New LLM Reinforcement Learning Framework: UCSD Multi-Agent Training Boosts LLM Tool-Use Capability by 5.8×
Reinforcement Learning Framework for Large Language Model Agents
First Implementation of Universal Multi-Agent Group Reinforcement
---
Background
Numerous studies show that multi-agent workflows with large language models (LLMs) often outperform single-agent systems — even without targeted training.
Yet, most current LLM agent training frameworks are limited to single-agent training, leaving universal multi-agent “group reinforcement” an open problem.
---
Introducing PettingLLMs
Researchers from UCSD and Intel developed PettingLLMs, a generalized multi-agent reinforcement learning framework that supports training multiple LLMs in arbitrary combinations.

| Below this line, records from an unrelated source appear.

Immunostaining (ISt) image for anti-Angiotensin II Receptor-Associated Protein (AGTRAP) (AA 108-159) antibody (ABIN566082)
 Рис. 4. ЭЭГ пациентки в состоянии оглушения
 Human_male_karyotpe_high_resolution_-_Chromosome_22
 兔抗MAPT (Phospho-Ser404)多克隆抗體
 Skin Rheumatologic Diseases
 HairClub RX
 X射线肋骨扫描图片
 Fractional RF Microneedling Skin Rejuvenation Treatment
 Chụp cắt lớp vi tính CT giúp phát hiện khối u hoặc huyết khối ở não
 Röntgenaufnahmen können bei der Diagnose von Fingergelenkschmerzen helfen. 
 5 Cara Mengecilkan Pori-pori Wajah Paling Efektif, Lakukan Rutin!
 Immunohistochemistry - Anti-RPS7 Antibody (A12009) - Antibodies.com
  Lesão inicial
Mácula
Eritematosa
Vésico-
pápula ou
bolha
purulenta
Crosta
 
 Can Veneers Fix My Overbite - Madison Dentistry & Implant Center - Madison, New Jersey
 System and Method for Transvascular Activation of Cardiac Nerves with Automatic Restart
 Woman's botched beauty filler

Multi-agent LLM systems can significantly boost performance in:
- Healthcare
- Programming
- Scientific research
- Embodied AI
---
Core Algorithm: Group Relative Policy Optimization (GRPO)
GRPO has proven effective for large model agent training.
Principle:
- Receive the same input prompt
- Sample multiple candidate responses
- Evaluate them with a reward model
- Compute relative advantages within the group
⚠ Key Assumption: All responses are generated from exactly the same context (prompt).
---
Fundamental Challenge in Multi-Agent Environments
In multi-agent, multi-turn tasks:
- Prompts evolve differently per agent and turn
- Example: In coding tasks, a second-turn prompt may include:
- Original question
- Code from first turn
- Unit tests generated by other agents

If we group responses from different prompts together for advantage calculation, this violates GRPO’s shared context requirement, harming fairness.
---
Solution: Greedy-Search Tree Sampling
Approach:
- Each turn: Every agent forms a node with K branches
- After branching: Only the highest-reward branch proceeds
- Balances exploration vs exploitation
Rewards:
- Role-specific rewards + global task rewards
- Drives specialized capabilities and cooperation skills

---
Specialization vs Shared Model Strategy
Question: When should agents have specialized models vs a shared model?
Implemented System: Asynchronous distributed training:

Training Modes
- Specialized Model Mode:
- Multiple independent model pools (Pool i, Pool j)
- Routing sends Agent i’s data to Pool i → updates Model i only
- Shared Model Mode:
- Merges all agents’ data into one pool
- Updates a shared model for all agents
---
Framework Advantages
PettingLLMs unifies multi-agent cooperation & specialization.
It’s open-source for faster development.
Environment Support:
- Developers only need to implement:
- Task-specific interaction logic
- Reward functions
- Built-in environments: mathematics, coding, games
- Arbitrary mappings between models and agents
- Individual LoRA configurations per agent
---
Real-World Training Results
In Sokoban (long-horizon task), AT-GRPO improved task performance from 14% to 96%.

---
Large-Scale Experiments
Models: Qwen3-1.7B and Qwen3-8B
Tasks:
- Planning: Sokoban, Plan-Path
- Coding: LiveCodeBench, APPS, CodeContests
- Mathematics: AIME 24/25, OlympiadBench

Performance Gains:
- Planning: Sokoban +82%, Plan-Path +52.5%
- Coding: LiveCodeBench +6.1%, APPS +4.2%, CodeContests +7.0%
- Math: AIME 24 +9.0%, AIME 25 +17.9%

---
Ablation Studies
- Single-agent training is limited:
- Planning/tools single-agent: +6–9% → MAS only +16% total
- Role strategy swapping causes collapse:
- Accuracy drops from 96% → 6%
- Cooperation improves over time:
- Sync rewards + fewer rounds required

---
Resources
- Paper: https://huggingface.co/papers/2510.11062
- GitHub: https://github.com/pettingllms-ai/PettingLLMs
---
Complementary Tools
For deployment and publication, AiToEarn官网 offers:
- Open-source AI content monetization platform
- Publishing to Douyin, Kwai, WeChat, Bilibili, Xiaohongshu, Facebook, Instagram, LinkedIn, Threads, YouTube, Pinterest, X (Twitter)
- Integrated analytics and AI model rankings
- Docs: AiToEarn文档
- Repo: AiToEarn开源地址
---
Conclusion:
PettingLLMs bridges the gap between single-agent RL training and universal multi-agent group reinforcement — enabling coordinated, specialized, and scalable LLM agent evolution across diverse tasks.
Would you like me to also create a diagram summarizing PettingLLMs’ architecture so it’s easier to grasp the system at a glance? That could make this Markdown even more readable.